▶ **Exercise prompt**
Exact reproduction is required for the lines below starting at the line with "Used 2019 Dodge" and ending at the line with "Sway hair dryer", both included. No other lines, and no pictures.

▶ **The data**
======

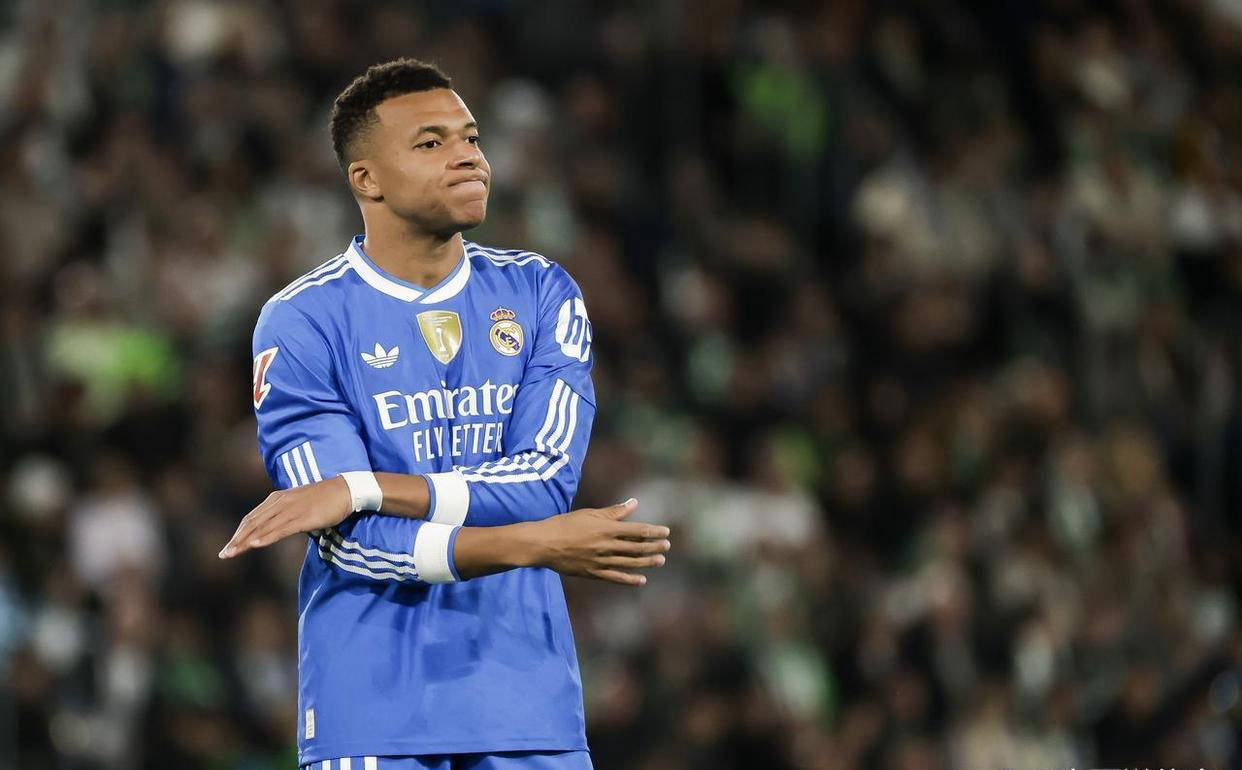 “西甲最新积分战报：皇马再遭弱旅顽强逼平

======

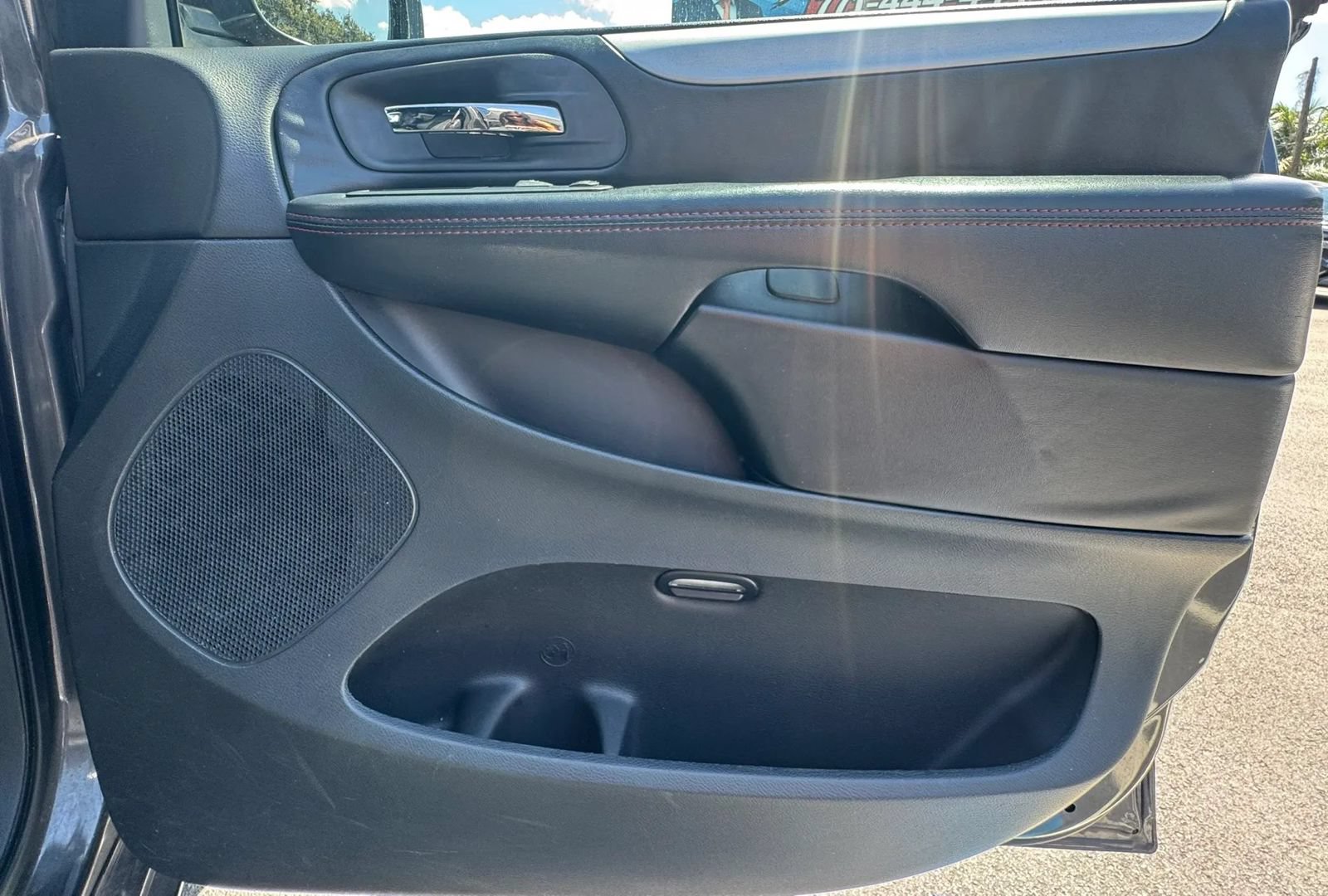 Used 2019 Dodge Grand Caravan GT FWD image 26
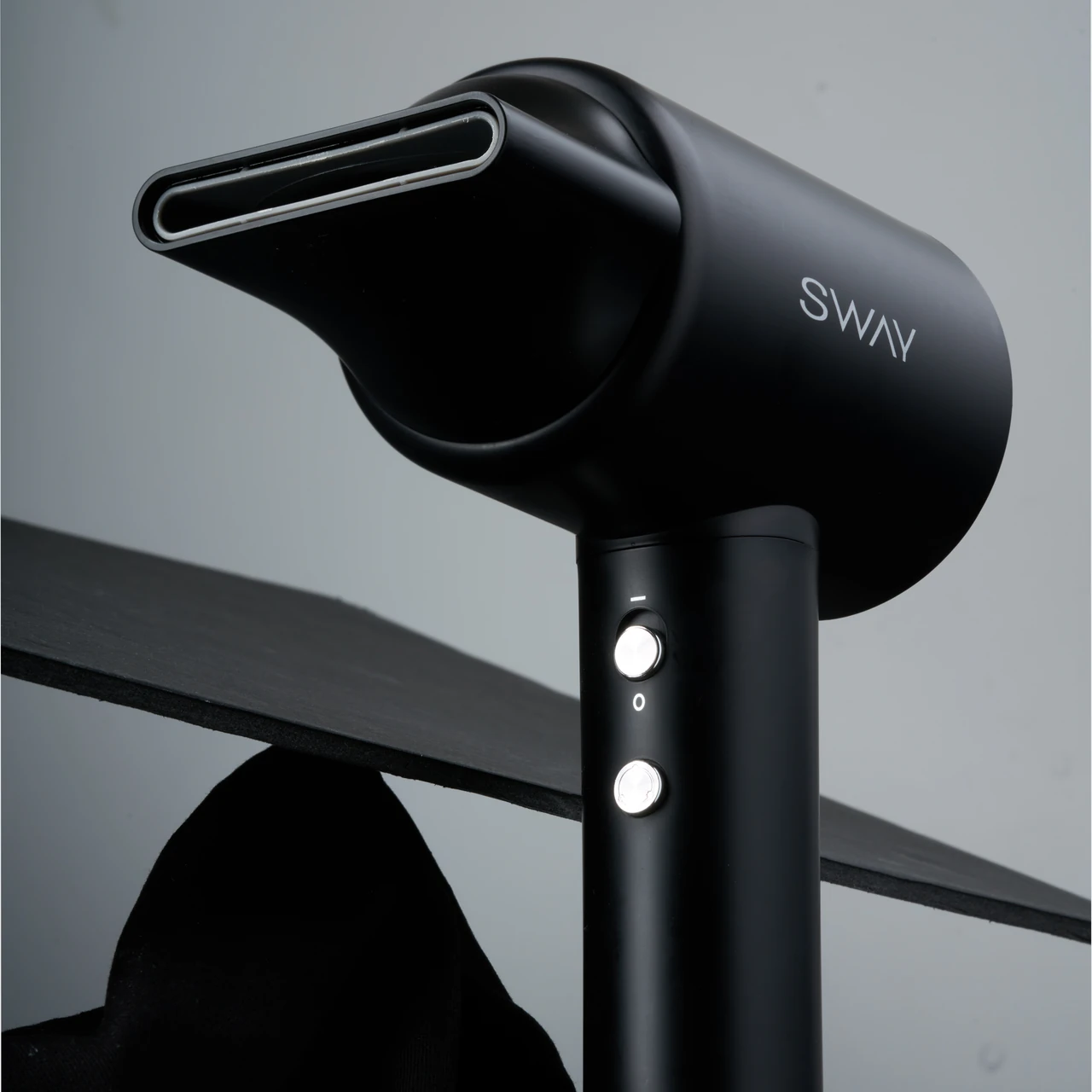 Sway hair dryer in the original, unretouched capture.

======

▶ **Solved exercise**
 Used 2019 Dodge Grand Caravan GT FWD image 26
 Sway hair dryer in the original, unretouched capture.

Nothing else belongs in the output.